I set off today for the ArcLight in Hollywood, intending to see a self-curated double feature of American Pastoral and Certain Women. I was sitting in the theater, alone, at about a minute to American Pastoral’s 11:20am showtime when the ArcLight usher approached me, apologizing that the theater was having projection problems. Would I like to see something else instead? I swapped my ticket for the next available showing of Certain Women, and happily accepted the comp ticket I could use any other time. At $16.25 a crack, a free ticket is nothing to turn ones’ nose up at! Thanks @ArclightCinemas Hollywood!

Just as well it turned out that way. I don’t think I could have sat through two 2 hour movies. To be fair, Certain Women is 1 hour, 47 minutes while American Pastoral clocks in at 2 hours, 6 minutes.

I’d heard Certain Women was slow, and it was, but luxuriously so. I enjoy that, a film that takes its time, setting up and reveling in its surroundings. Director Kelly Reichardt has a strong sense of how place impacts her characters and the audience in this character study. Right from the start, watching a train chug its way across the flat expanse of land, the snow-covered mountains framed in the distance, the camera work telegraphed the fact that life in wintry Montana, the cold so bitter looking it almost seeped into my seat, was a gritty, sometimes hard thing. The three stories, interwoven by the slimmest of threads, were going to be gritty, sometimes hard stories. 

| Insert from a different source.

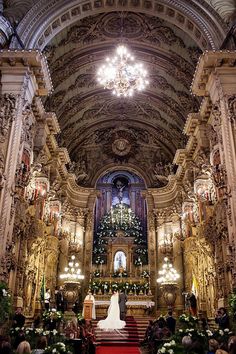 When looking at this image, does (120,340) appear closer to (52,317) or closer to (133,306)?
(52,317)

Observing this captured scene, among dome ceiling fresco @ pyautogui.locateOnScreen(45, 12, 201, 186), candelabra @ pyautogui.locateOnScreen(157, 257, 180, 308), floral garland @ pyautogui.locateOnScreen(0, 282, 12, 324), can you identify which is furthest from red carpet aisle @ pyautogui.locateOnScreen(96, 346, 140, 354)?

While they were women’s stories in so far as women were the central figures, they weren’t of the usual women’s story ilk. They weren’t concerned with male female relationships, family, sex, or romance, at least not in any usual way.



Laura Dern’s tale starts it off with her lover (James LeGros) pulling on long johns and leaving at the end of a lunchtime liason, the train we saw heading across the flats, visible through the apartment window. That allusion to sex, Dern’s relationship with her lover has nothing to do with her story. Sex, romance, her relationship are a side note, a part of her life but not all encompassing. Her life with this man, her emotional choices in their relationship, is not her story. Her story is wrapped up in her life as a lawyer in Montana where her client has to accept the fact that the law can’t help him win his disability case against a negligent employer. Her client Jared Harris (Mad Men) is the real man in her life, emotional, bereft, unhinged, pleading while Dern is cool, calm, lawyerly. 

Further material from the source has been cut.